В самооправдательных стремлениях растерявшаяся “Пчела” не раз попадает из огня в полымя [“Северная пчела”, 1862, № 144, 148, 151, 157, 167, 168, 170.]. 7 июня она с воплями и аффектированным негодованием принимается опротестовывать, пока только в воздухе носившиеся, слухи о причастности к поджогам “студентов”. Это слово впервые читается в печати. Этим губится в раскаленном общественном мнении газета и автор определенных ее статей…
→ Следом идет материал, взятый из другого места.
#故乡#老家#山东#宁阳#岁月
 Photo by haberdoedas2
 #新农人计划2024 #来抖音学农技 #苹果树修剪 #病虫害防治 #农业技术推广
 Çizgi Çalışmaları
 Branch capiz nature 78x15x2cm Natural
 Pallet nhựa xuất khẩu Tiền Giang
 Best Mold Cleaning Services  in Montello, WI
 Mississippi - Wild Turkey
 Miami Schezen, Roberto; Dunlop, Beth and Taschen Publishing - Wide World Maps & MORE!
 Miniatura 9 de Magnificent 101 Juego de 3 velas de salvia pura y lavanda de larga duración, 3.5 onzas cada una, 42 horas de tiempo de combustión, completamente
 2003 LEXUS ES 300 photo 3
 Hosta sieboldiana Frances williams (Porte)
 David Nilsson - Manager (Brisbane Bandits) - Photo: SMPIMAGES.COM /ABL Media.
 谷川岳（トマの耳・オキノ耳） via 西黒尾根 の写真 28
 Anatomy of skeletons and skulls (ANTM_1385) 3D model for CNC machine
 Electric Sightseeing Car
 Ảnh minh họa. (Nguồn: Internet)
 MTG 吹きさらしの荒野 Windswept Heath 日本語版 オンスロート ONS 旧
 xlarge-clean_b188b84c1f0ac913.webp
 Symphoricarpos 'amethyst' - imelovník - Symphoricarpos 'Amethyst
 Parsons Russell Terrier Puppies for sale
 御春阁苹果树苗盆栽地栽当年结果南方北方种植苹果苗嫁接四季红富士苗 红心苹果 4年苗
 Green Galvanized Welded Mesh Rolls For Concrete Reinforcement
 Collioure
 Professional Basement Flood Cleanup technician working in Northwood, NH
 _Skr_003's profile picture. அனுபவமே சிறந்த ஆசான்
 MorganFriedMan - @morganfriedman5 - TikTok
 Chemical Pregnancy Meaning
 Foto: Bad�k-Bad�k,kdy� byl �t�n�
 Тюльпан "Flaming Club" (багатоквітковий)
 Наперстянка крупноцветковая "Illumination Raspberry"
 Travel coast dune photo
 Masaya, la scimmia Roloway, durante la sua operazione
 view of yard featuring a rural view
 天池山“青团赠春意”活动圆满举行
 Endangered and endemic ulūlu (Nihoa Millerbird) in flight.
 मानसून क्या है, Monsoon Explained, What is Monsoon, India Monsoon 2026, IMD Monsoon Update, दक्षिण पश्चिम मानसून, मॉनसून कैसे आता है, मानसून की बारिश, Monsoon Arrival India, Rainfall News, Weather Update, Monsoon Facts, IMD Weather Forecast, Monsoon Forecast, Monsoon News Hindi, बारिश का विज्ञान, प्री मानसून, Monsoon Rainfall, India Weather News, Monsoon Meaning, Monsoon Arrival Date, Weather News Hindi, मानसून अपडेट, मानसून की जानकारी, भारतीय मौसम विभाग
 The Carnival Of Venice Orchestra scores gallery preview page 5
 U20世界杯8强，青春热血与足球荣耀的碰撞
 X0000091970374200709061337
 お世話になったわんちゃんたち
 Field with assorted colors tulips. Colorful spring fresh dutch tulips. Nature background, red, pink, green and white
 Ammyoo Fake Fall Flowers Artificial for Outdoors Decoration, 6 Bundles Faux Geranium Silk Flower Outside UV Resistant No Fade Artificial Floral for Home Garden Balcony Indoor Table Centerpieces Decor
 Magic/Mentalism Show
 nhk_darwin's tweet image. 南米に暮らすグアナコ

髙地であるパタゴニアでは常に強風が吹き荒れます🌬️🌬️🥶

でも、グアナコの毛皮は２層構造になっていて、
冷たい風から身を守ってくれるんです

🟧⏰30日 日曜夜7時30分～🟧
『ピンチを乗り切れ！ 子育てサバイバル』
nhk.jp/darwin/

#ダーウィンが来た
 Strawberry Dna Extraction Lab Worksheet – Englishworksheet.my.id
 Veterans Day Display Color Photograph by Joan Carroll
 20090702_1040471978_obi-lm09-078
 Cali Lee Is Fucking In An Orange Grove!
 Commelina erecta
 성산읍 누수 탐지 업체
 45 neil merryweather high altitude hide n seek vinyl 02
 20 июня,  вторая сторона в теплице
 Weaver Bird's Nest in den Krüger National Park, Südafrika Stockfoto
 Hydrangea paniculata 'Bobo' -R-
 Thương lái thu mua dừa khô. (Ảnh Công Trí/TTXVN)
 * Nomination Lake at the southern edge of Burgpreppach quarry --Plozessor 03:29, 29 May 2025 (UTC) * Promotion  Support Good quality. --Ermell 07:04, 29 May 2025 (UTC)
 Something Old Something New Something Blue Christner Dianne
Личные “терзательства” Лескова были беспредельны. Они “засели” у него “в печенях” на всю жизнь. Он положительно трепетал всегда при воспоминании о них. Это была незаживляемая, неослабно кровоточащая рана. Она была тем больнее, что упорно почиталась им незаслуженной.
Проходит двадцать лет. Уже “генералом от литературы” задумывает он очерк, которому, по обычаю, примеряет несколько заглавий: “Кустарный пророк”, “Религиозные мечтатели и нововеры”, “Фабричный пророк” и в конце концов – “Обнищеванцы” [“Обнищеванцы. Религиозное движение в фабричной среде”. – “Русь”, 1881, №№ 16–21, 24, 25, с 28 февраля по 2 мая; “Русская рознь”, Спб., 1881, См. еще: “Повести, очерки и рассказы М. Стебницкого”, т. 1, 1867, с. 512; Сборник мелких беллетристических произведений Н. С. Лескова-Стебницкого. 1873, с. 512.].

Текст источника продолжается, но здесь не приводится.